Quote the material exactly from the line that contains "神奈川の偉大な波 日本製 長袖Tシャツ 高齢者への贈り物" through its last line. Any pictures are to be left out.

→ **Data shown**:
########

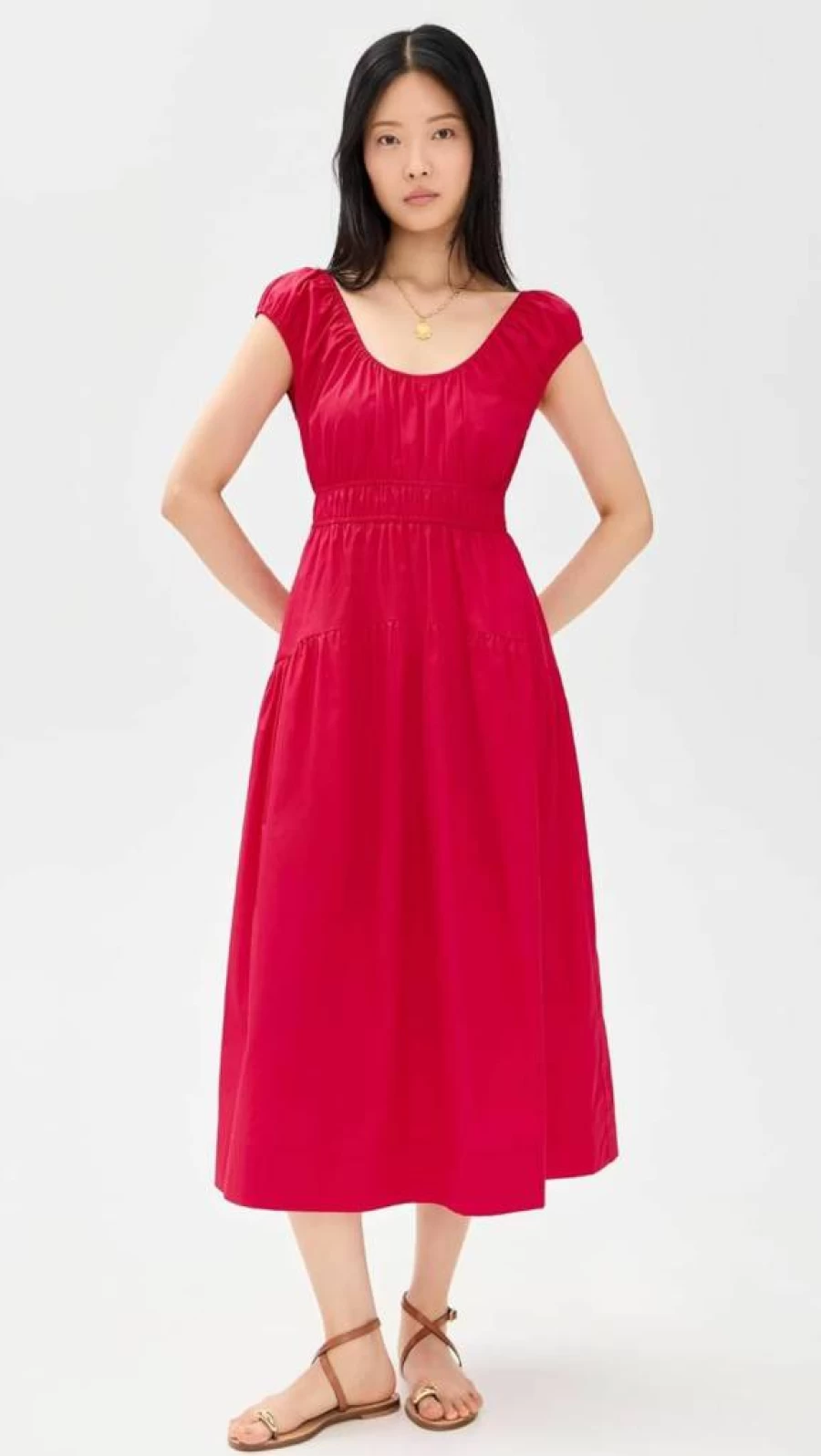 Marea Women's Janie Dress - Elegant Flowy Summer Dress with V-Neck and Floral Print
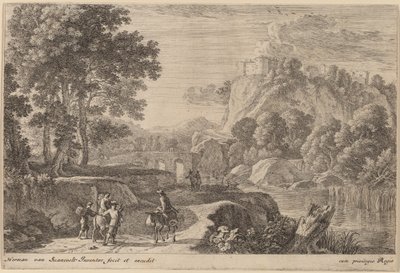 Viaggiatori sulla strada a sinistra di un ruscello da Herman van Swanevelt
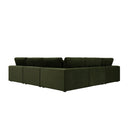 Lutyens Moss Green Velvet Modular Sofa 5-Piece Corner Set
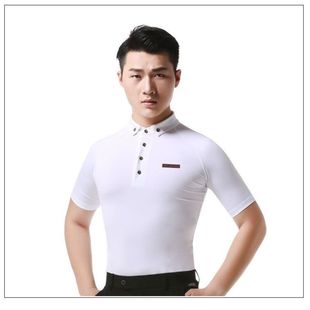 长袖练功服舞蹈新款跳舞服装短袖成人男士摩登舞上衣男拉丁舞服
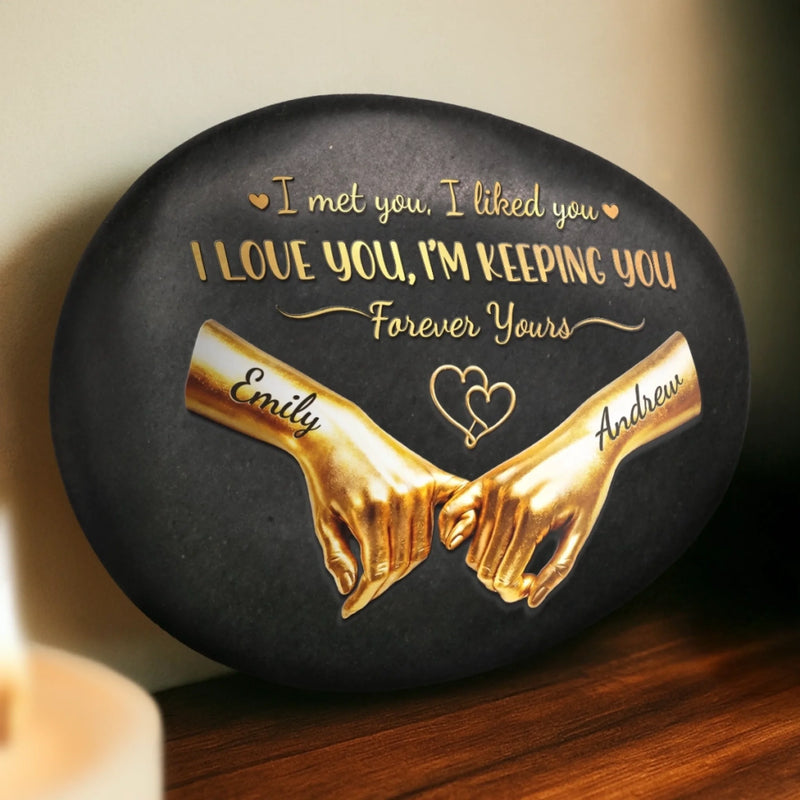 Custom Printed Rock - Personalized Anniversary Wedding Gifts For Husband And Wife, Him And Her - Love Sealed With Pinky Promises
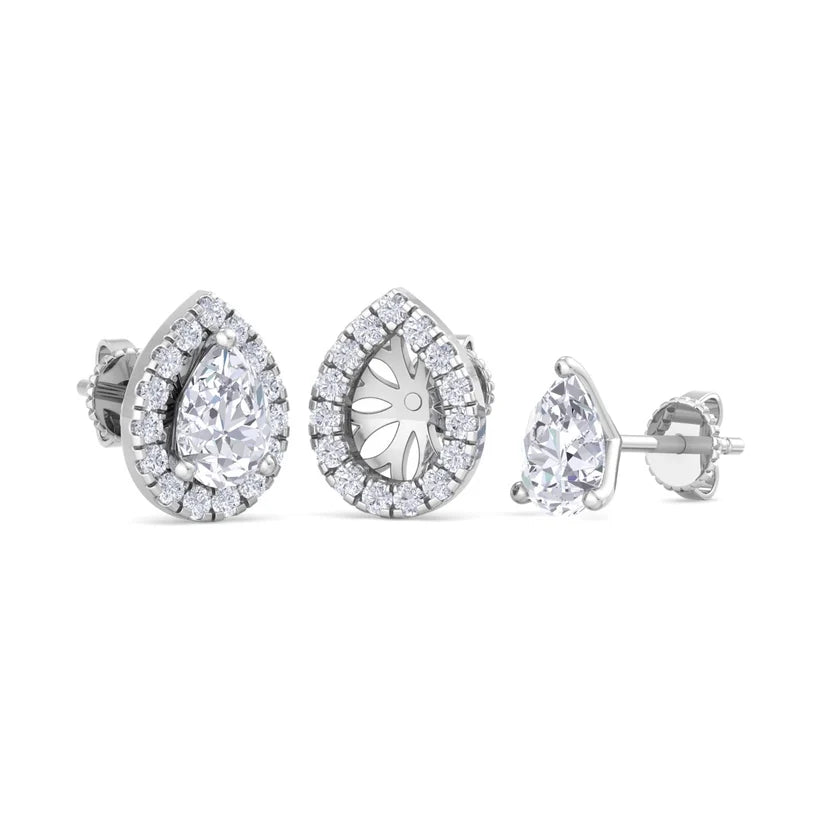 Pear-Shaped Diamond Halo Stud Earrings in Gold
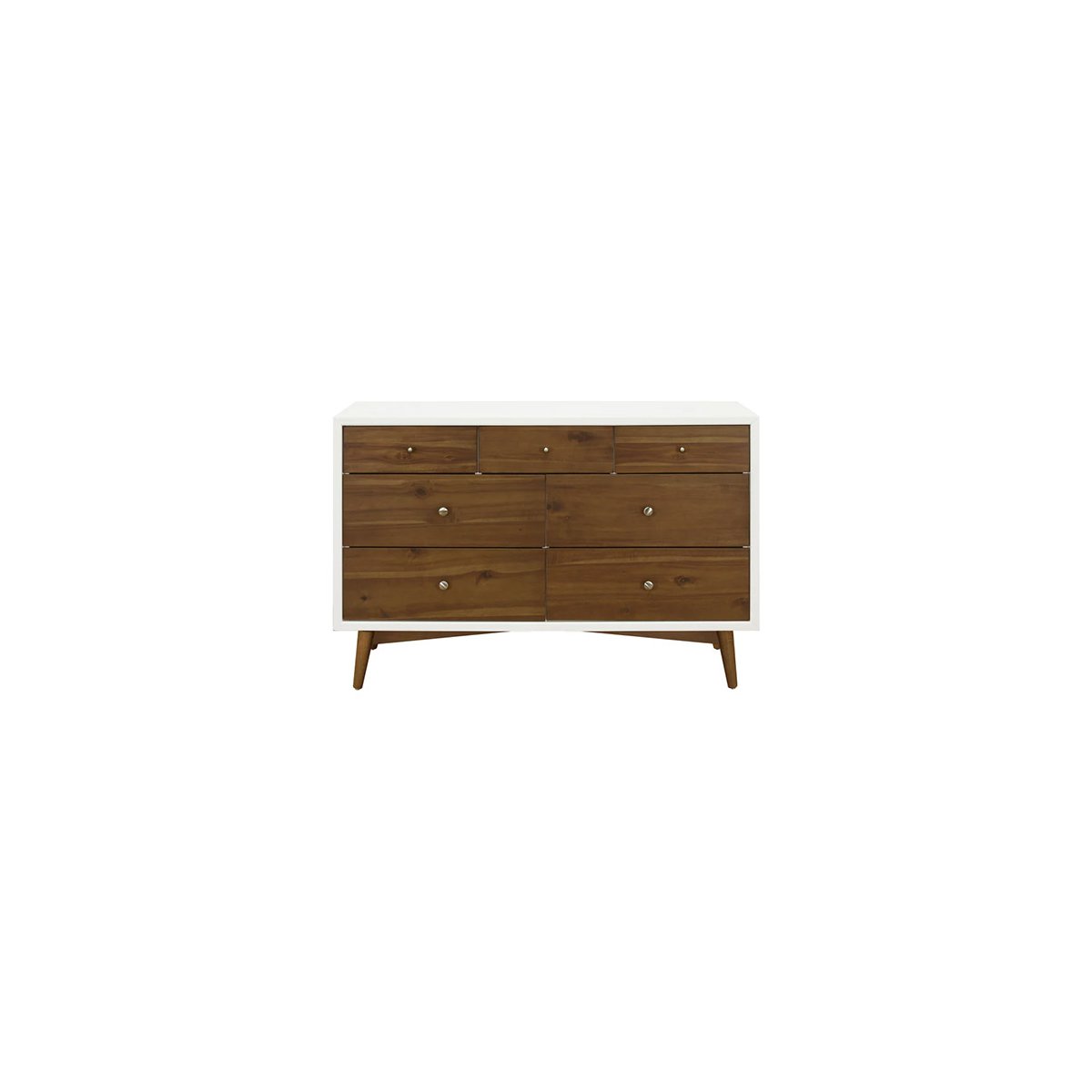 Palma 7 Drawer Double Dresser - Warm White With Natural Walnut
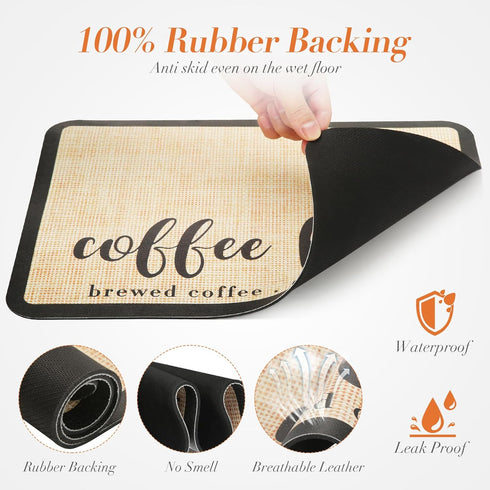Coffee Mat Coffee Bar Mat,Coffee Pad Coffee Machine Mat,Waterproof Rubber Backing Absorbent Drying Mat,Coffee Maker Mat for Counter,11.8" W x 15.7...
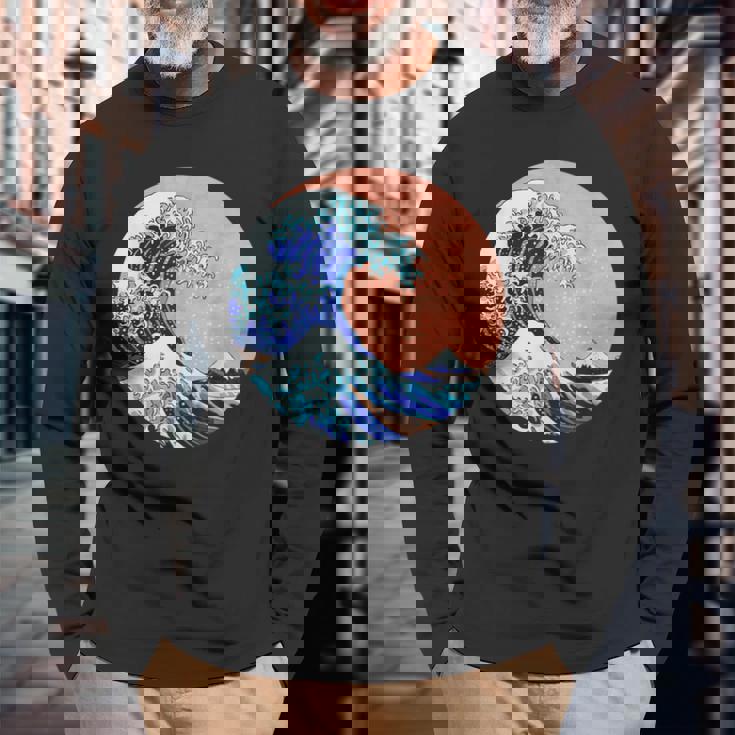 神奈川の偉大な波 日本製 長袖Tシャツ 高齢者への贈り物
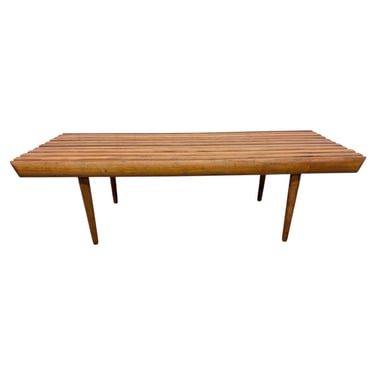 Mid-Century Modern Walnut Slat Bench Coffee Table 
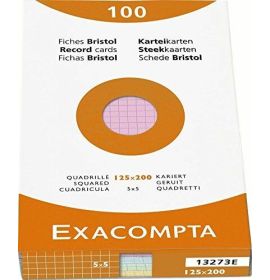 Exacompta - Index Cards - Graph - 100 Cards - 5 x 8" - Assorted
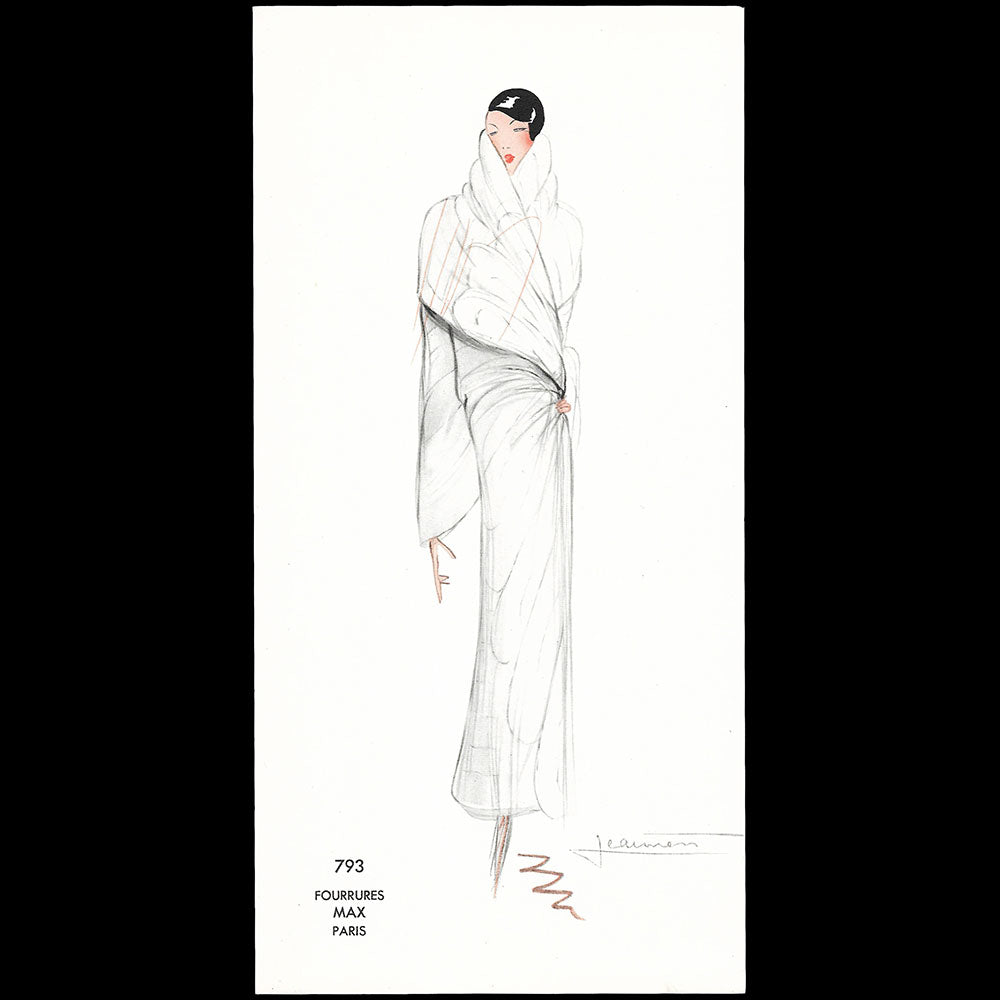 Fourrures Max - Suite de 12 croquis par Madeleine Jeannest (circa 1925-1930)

########

→ **Solution for this task**:
 神奈川の偉大な波 日本製 長袖Tシャツ 高齢者への贈り物
 Mid-Century Modern Walnut Slat Bench Coffee Table 
 Exacompta - Index Cards - Graph - 100 Cards - 5 x 8" - Assorted
 Fourrures Max - Suite de 12 croquis par Madeleine Jeannest (circa 1925-1930)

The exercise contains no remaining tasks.